-- Supplied records follows --

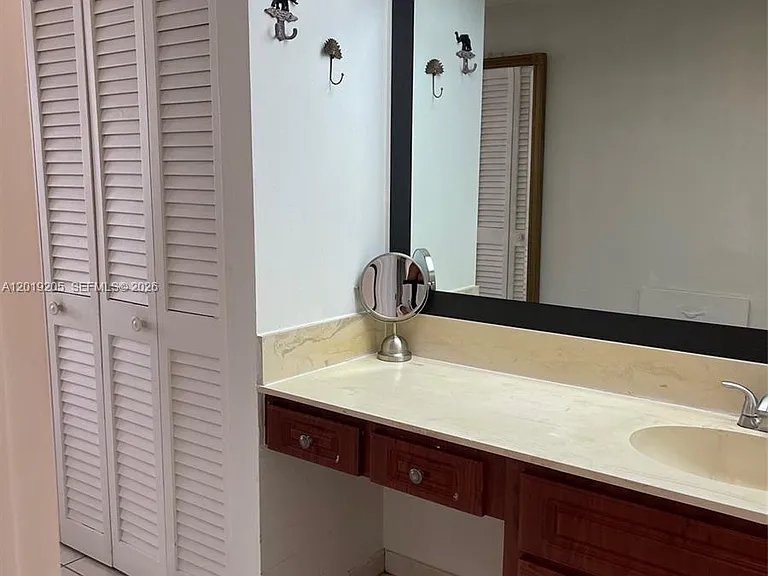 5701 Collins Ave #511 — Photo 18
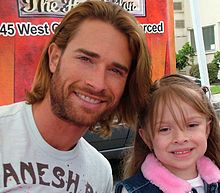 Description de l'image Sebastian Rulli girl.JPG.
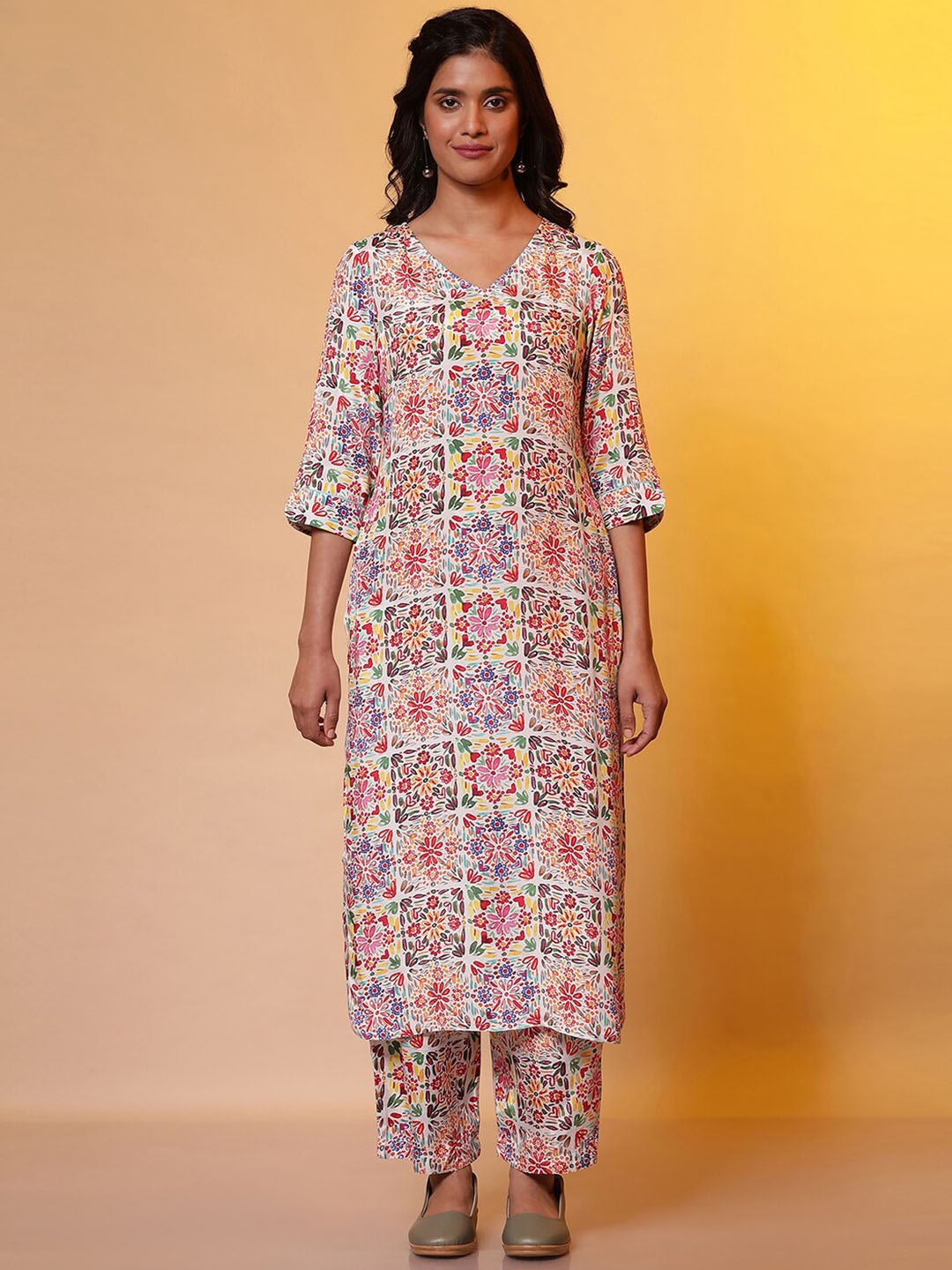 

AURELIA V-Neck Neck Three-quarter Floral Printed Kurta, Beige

-- Supplied records concluded --
-- Supplied records follows --

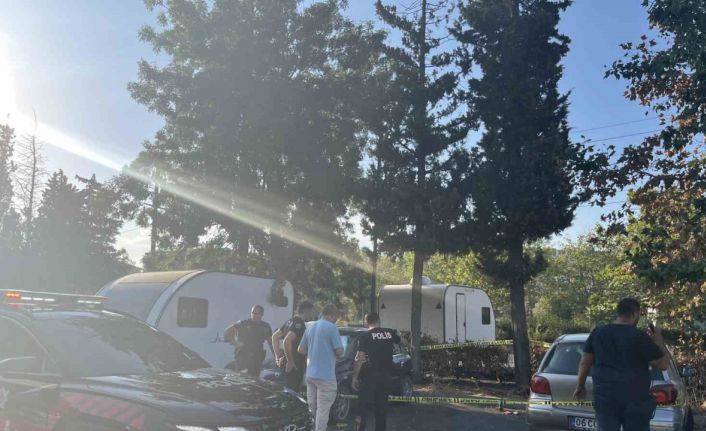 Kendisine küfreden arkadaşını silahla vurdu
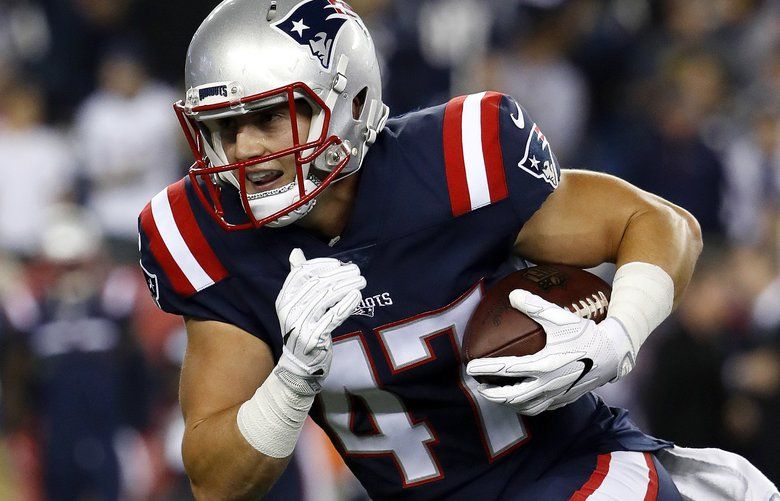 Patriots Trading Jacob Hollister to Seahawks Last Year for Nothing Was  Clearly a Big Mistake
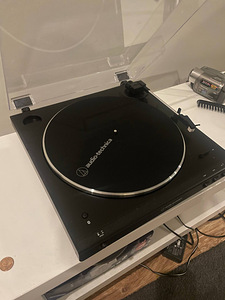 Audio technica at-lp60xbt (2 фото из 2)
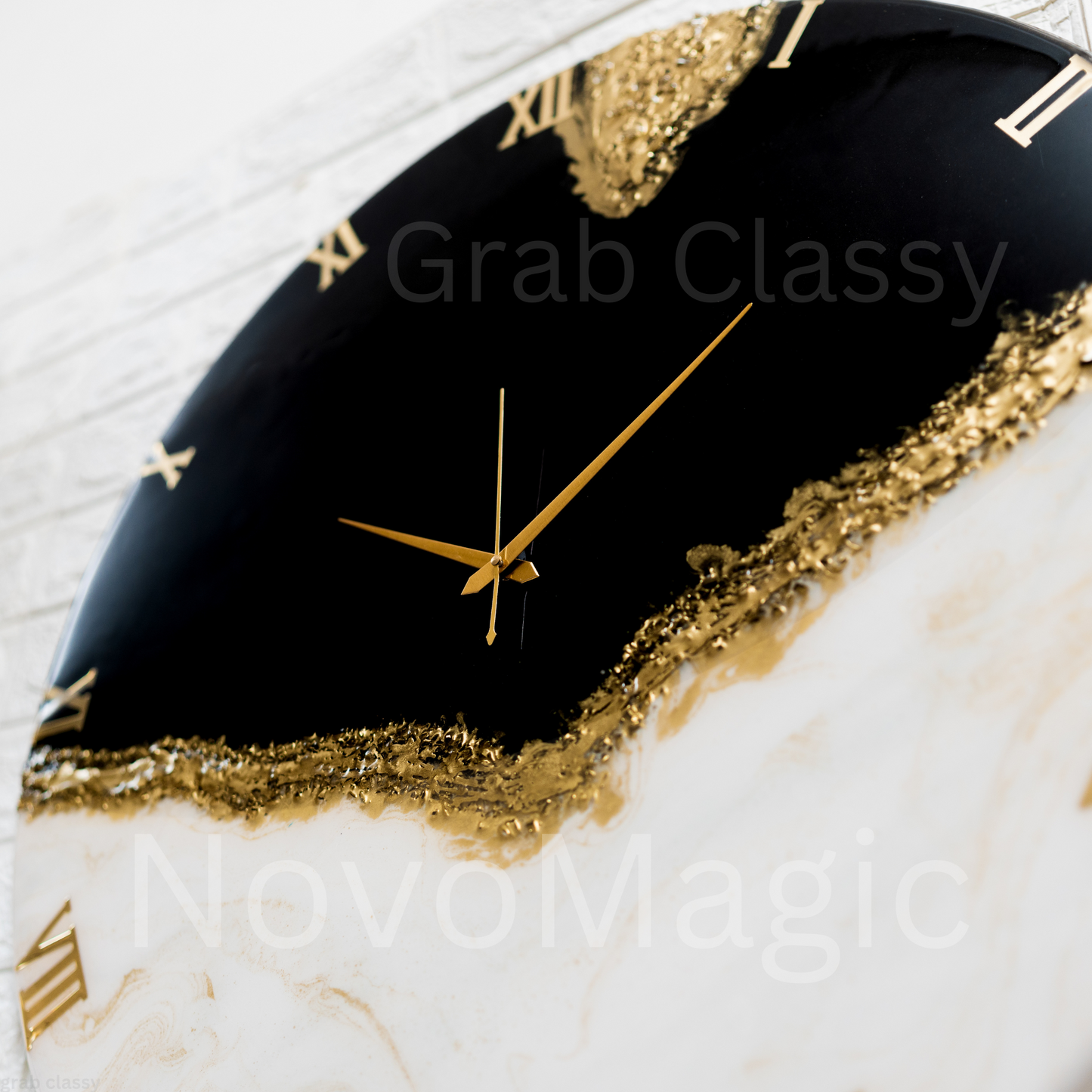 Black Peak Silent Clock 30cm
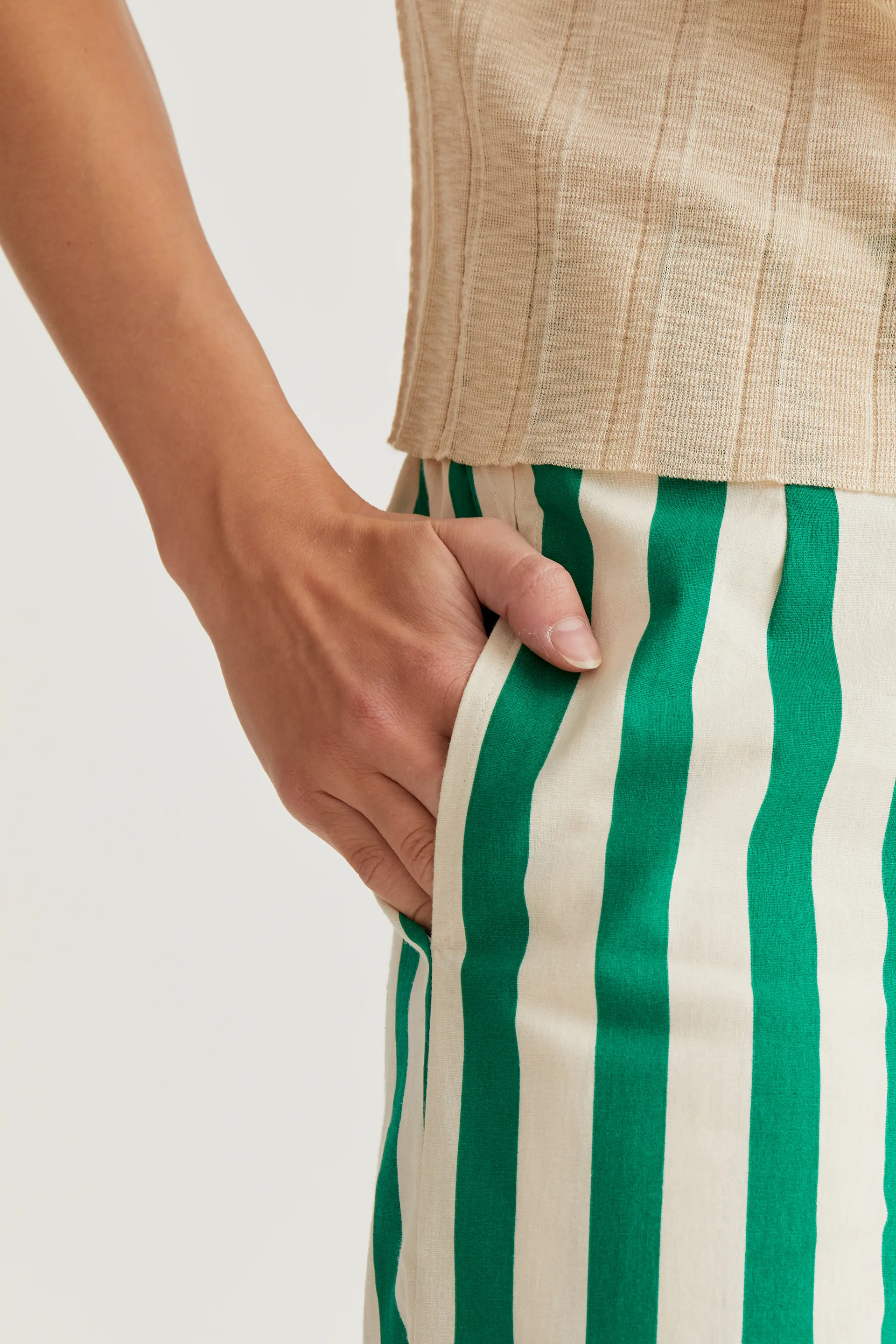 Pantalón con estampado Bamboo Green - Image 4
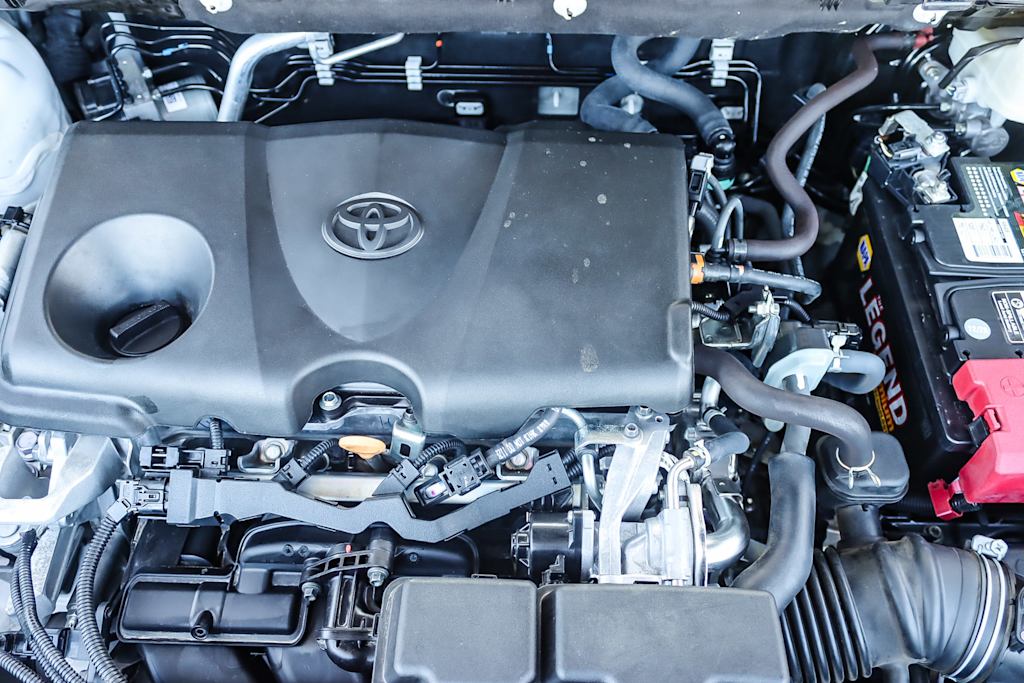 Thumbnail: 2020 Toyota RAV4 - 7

-- Supplied records concluded --
-- Supplied records follows --

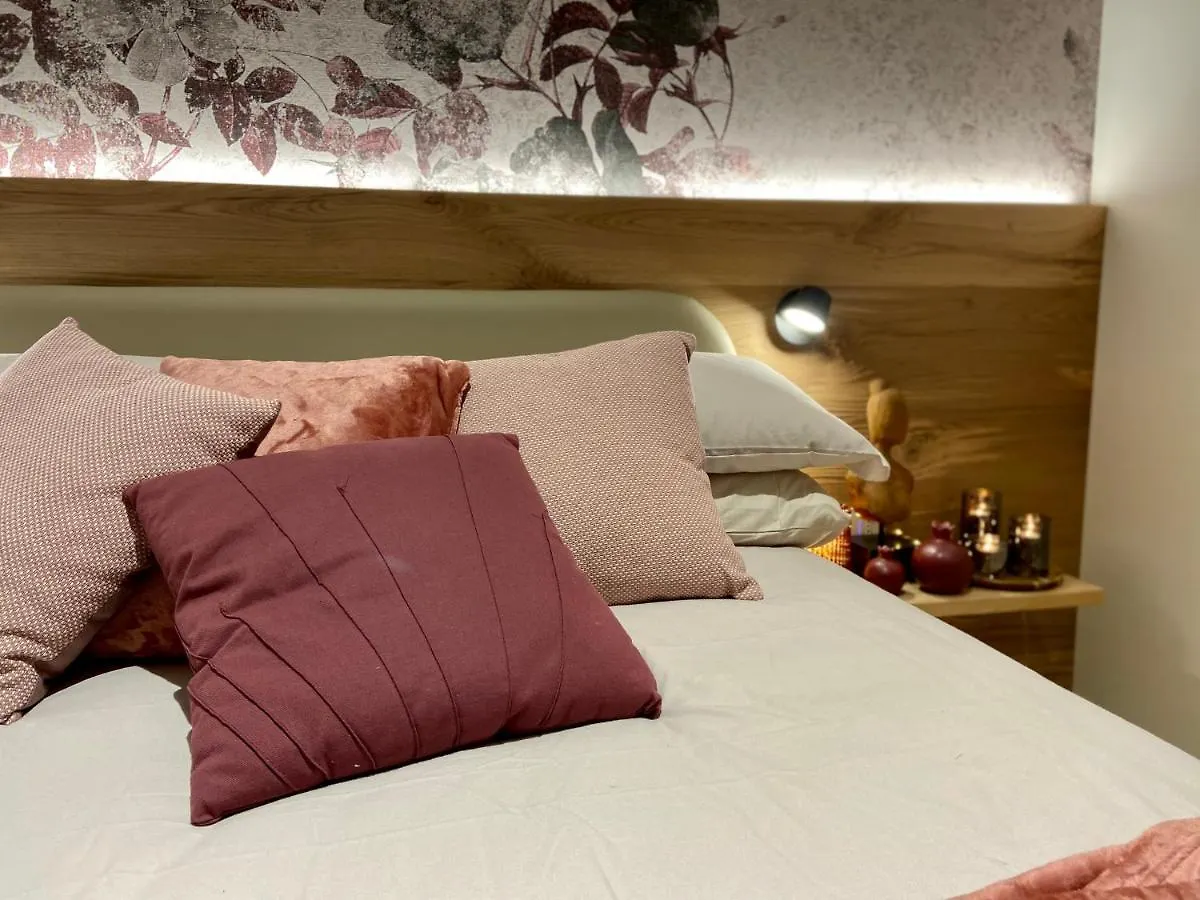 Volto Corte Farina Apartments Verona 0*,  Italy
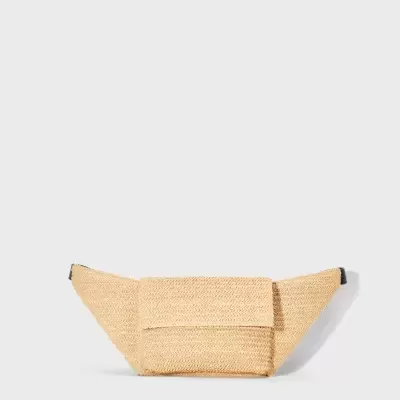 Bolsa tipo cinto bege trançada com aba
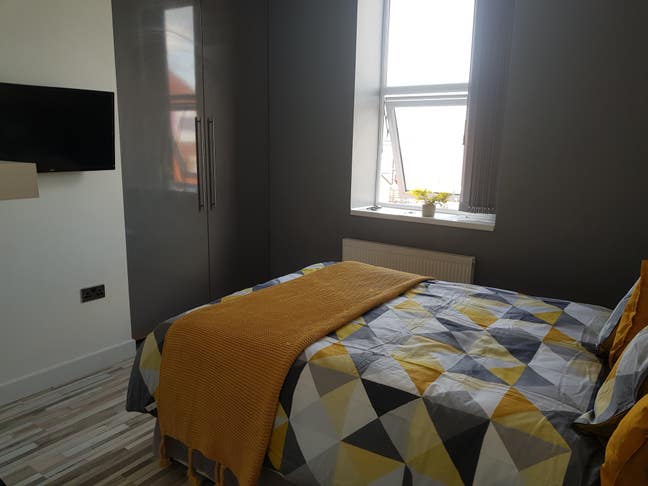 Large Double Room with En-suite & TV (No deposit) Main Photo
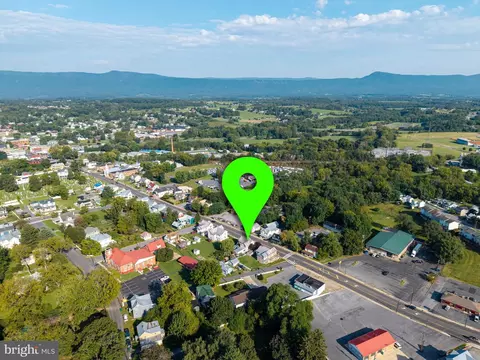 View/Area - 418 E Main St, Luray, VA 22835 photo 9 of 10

-- Supplied records concluded --

• **Task instructions**: Only one stretch of the entries above is needed: the lines from the one containing "Kendisine küfreden arkadaşını silahla vurdu" through the one containing "Thumbnail: 2020 Toyota RAV4 - 7". Copy it exactly, without the pictures.

• **Exercise answer**:
 Kendisine küfreden arkadaşını silahla vurdu
 Patriots Trading Jacob Hollister to Seahawks Last Year for Nothing Was  Clearly a Big Mistake
 Audio technica at-lp60xbt (2 фото из 2)
 Black Peak Silent Clock 30cm
 Pantalón con estampado Bamboo Green - Image 4
 Thumbnail: 2020 Toyota RAV4 - 7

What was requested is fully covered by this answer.